Numerical Results and Validation

Extensive experiments demonstrate the superiority of IF-Nets over existing methods across several tasks, including:

  • Point Cloud Completion: IF-Nets outperform Occupancy Networks, Deep Marching Cubes, and Point Set Generation Networks regarding detail retention and global structure recovery. Quantitative results show significant improvements in Chamfer distance and Normal Consistency metrics.
  • Voxel Super-Resolution: The ability of IF-Nets to enhance voxel-based data from sparse inputs highlights their robustness and efficiency in preserving intricate details, demonstrated through superior IoU and Chamfer-L2L_2 scores.
  • Single-View Human Reconstruction: IF-Nets successfully reconstruct detailed, plausible shapes from single-view point clouds, tackling the challenge of missing data in occluded regions of human forms.

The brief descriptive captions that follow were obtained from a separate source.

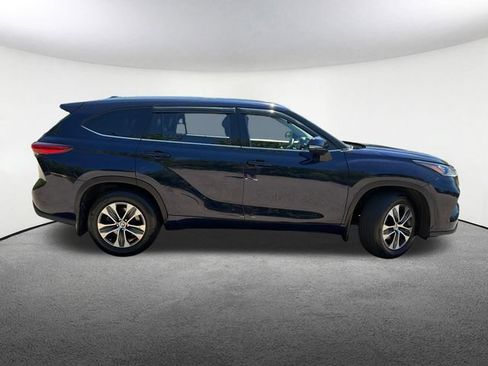 Used 2020 Toyota Highlander XLE AWD/4WD image 14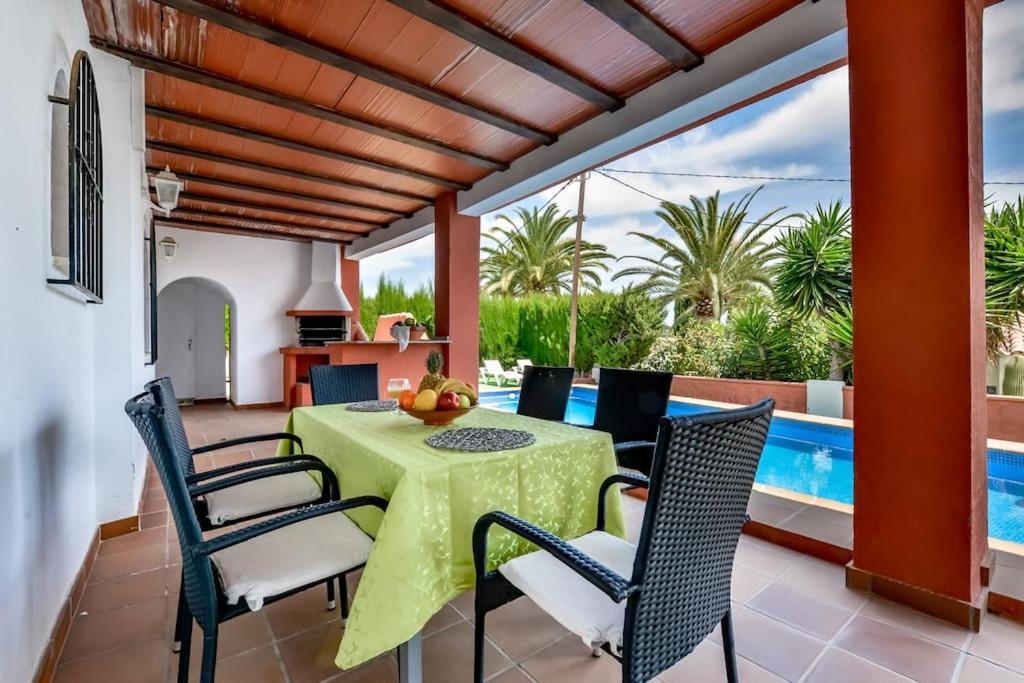 Villas Guzman - Mouna Calpe Eksteriør billede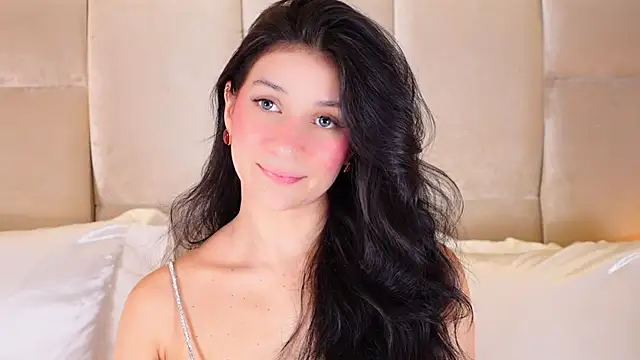 KiraKayleigh1 online show from 10/17/25, 12:47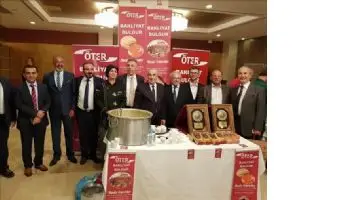 &Ouml;TER TARIM&acute;A İKİ &Ouml;D&Uuml;L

Implications and Future Directions

The proposed methodology has notable theoretical and practical implications, offering a versatile and robust solution for 3D reconstruction tasks in both academic research and practical applications, such as in graphics, virtual reality, or autonomous systems. The authors suggest potential extensions towards generative models, which could sample conditioned hypotheses based on partial input, and further exploration into image-based reconstructions.

Overall, the research sets a foundation for future explorations that are likely to continue evolving the capabilities of learned implicit functions, addressing increasingly complex 3D reconstruction challenges across varied domains.